TASK TO CARRY OUT |
Reproduce, unchanged, the lines between the one holding "When we add" and the last line of the records, including both ends, but no pictures.

STUDY MATERIAL |
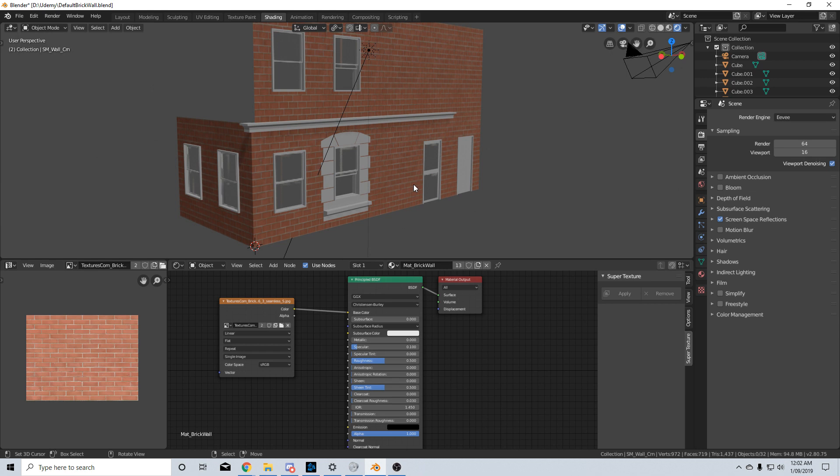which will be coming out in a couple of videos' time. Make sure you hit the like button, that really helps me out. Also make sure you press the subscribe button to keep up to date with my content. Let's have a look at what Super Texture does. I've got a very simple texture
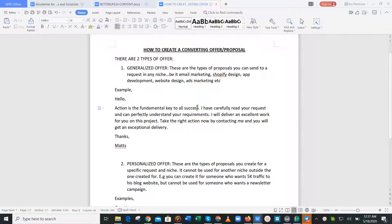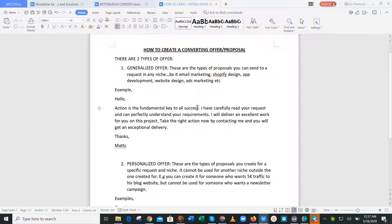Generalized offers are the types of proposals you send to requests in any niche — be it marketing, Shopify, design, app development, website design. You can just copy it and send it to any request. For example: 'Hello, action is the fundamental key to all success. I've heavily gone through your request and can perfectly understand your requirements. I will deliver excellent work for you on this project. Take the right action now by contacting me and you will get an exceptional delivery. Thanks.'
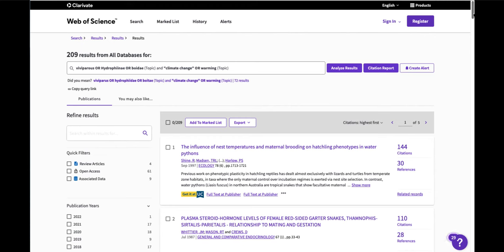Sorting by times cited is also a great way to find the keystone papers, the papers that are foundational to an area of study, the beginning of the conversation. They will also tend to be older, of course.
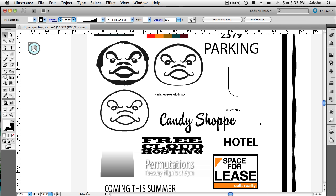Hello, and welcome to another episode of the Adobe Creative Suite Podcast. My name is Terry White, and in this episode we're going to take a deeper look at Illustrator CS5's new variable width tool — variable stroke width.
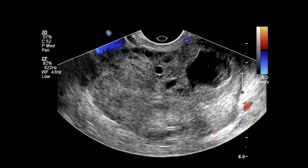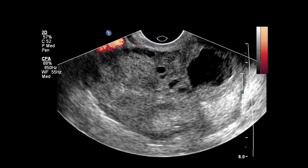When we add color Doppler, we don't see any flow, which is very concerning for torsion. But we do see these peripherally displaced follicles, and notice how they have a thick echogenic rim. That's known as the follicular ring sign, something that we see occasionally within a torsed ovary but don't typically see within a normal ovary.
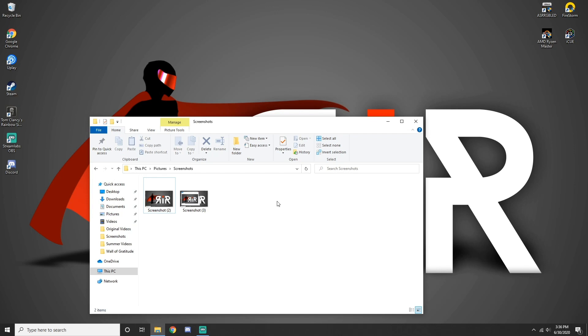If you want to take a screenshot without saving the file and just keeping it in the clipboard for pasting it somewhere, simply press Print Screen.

EXERCISE SOLUTION |
When we add color Doppler, we don't see any flow, which is very concerning for torsion. But we do see these peripherally displaced follicles, and notice how they have a thick echogenic rim. That's known as the follicular ring sign, something that we see occasionally within a torsed ovary but don't typically see within a normal ovary.
If you want to take a screenshot without saving the file and just keeping it in the clipboard for pasting it somewhere, simply press Print Screen.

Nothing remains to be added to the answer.